ナレッジ・マネジメントは,ただ単に情報やデータを共有すれば成功する,というものではない。ひと口にナレッジといってもさまざまな種類があり,業務や業種ごとに蓄積・活用すべきナレッジは異なっている。ここでは重要な六つのナレッジについて,例を挙げながらナレッジの特徴を明らかにし,それぞれの扱い方を解説する。

野間 彰

本記事は日経コンピュータの連載をほぼそのまま再掲したものです。初出から数年が経過しており現在とは状況が異なりますが、この記事で焦点を当てたITマネジメントの本質は今でも変わりません。

 ナレッジ・マネジメント・システムを導入している企業には,二つのタイプがある。一つは,単に最新のナレッジ・マネジメント・システムを導入しているだけの企業(ナレッジ・マネジメント・システム導入企業)。もう一つは,ナレッジを人,物,金,情報に次ぐ第5の経営資源として的確にマネージ(manage)している企業(ナレッジに基づく経営を実践している企業)である。

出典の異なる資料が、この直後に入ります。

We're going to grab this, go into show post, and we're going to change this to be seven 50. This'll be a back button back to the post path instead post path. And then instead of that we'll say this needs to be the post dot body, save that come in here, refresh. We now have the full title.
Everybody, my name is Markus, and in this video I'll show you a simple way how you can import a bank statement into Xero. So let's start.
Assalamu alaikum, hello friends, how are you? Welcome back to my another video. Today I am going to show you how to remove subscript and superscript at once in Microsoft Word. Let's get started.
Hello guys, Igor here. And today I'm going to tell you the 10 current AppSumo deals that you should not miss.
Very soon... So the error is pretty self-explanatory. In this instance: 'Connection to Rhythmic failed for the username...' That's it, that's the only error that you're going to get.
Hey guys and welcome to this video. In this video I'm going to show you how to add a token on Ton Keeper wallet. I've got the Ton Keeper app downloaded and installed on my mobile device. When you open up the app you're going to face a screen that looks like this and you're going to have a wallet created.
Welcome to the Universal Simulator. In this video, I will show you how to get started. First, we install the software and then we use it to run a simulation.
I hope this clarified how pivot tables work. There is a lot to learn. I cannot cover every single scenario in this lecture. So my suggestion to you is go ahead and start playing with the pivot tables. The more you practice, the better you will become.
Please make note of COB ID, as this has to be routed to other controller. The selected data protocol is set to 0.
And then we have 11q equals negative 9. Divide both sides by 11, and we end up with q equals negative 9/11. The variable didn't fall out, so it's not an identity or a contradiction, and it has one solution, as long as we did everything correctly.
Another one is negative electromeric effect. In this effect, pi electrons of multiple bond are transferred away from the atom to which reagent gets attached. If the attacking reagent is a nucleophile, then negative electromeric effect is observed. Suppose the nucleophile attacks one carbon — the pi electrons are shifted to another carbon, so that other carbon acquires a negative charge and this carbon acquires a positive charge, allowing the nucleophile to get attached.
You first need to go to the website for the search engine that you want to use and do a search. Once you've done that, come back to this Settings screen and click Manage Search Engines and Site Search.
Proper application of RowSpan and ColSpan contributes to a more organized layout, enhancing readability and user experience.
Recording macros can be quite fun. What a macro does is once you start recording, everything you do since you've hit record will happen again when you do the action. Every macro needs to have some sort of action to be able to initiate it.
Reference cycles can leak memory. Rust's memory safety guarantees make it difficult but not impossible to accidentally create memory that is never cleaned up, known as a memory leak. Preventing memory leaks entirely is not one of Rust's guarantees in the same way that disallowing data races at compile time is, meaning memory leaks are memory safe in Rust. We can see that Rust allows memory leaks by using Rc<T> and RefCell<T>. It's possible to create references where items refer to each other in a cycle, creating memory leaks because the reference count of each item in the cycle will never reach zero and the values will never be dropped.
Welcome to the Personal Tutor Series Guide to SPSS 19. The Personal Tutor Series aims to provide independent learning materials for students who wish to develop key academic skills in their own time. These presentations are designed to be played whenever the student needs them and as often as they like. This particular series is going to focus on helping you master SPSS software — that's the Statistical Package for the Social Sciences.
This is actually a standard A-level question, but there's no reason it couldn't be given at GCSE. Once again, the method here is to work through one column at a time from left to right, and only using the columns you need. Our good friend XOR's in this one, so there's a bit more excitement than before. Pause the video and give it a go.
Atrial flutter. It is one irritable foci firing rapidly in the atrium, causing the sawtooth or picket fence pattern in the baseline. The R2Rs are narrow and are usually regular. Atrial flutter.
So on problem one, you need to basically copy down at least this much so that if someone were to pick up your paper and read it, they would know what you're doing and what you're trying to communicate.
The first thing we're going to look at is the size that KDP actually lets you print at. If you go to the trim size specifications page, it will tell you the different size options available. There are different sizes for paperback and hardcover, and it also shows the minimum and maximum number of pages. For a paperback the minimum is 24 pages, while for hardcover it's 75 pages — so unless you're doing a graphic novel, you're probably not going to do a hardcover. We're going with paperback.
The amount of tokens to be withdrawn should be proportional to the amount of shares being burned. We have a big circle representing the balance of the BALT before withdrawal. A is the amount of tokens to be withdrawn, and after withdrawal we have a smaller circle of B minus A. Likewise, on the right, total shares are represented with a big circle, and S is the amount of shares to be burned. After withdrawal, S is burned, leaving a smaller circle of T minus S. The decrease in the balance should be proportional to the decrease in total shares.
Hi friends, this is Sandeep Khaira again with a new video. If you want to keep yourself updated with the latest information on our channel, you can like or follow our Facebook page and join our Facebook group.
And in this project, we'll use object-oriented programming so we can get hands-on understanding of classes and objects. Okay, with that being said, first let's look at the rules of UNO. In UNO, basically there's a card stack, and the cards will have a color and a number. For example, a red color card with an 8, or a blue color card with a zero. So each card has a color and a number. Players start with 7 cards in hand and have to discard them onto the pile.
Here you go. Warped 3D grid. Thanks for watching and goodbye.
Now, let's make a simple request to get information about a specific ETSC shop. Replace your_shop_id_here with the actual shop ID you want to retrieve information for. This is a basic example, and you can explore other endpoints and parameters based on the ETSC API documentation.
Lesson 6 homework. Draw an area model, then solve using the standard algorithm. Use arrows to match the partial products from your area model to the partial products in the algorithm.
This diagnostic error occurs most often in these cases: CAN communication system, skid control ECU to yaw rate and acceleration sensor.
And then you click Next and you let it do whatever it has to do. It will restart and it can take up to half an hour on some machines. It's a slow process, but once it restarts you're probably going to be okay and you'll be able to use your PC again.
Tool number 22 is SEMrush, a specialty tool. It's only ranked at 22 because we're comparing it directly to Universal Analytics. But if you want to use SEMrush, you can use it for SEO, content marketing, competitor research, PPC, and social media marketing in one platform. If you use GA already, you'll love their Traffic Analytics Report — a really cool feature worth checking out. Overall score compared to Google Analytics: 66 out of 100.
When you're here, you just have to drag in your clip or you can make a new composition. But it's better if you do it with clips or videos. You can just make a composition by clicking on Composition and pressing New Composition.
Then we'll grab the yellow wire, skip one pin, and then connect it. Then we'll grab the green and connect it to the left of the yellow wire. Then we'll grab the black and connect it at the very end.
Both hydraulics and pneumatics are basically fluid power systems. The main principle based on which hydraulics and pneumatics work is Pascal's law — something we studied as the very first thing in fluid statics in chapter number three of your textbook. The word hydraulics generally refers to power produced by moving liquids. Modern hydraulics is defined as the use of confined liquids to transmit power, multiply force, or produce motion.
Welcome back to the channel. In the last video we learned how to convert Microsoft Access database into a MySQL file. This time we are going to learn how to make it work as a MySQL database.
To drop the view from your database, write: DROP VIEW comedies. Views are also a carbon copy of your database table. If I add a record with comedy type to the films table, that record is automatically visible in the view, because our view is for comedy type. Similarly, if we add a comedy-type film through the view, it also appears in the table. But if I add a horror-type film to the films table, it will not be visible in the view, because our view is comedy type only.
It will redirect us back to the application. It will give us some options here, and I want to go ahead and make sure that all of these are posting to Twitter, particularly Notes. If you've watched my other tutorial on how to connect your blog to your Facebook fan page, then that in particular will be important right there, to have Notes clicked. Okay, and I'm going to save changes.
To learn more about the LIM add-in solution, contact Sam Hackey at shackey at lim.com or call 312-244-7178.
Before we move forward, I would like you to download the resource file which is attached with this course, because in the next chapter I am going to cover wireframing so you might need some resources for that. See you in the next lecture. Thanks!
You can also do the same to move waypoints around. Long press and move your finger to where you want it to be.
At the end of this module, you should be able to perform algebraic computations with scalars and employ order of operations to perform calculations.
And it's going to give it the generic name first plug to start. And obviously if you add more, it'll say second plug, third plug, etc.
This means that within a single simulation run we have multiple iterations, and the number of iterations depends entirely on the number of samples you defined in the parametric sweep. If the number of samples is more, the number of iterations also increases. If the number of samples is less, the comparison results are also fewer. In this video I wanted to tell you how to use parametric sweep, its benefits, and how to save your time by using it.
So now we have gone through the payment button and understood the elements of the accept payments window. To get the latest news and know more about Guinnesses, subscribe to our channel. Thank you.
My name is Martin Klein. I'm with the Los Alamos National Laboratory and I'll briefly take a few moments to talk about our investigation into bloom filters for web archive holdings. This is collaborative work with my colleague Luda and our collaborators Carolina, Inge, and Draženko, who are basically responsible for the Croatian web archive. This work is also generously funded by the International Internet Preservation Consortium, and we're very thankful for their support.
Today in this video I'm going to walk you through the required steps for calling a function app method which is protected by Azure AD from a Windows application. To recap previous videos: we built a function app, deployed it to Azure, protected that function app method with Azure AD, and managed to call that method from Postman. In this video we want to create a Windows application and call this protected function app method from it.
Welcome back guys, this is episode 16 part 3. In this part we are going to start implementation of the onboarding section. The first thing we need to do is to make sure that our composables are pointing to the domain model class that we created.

 大きな成果を手にしているのは,言うまでもなく,後者の「ナレッジに基づく経営を実践している企業」である。顧客満足の向上など,成功のためには何が必要かを見定め,それに基づいたナレッジ・マネジメントを実践してきたからだ。決して,いち早くナレッジ・マネジメント・システムを構築したからではない。

ナレッジの種類別にマネジメントを

 真にナレッジに基づく経営を実現する上で,IT(情報技術)は一つの要素に過ぎない。問題なのは,ナレッジの正体を的確につかみ,それに合わせた方法で人や業務に定着させ,革新を図ること。そこで重要となる切り口は,「ナレッジの分類と適切な活用」である。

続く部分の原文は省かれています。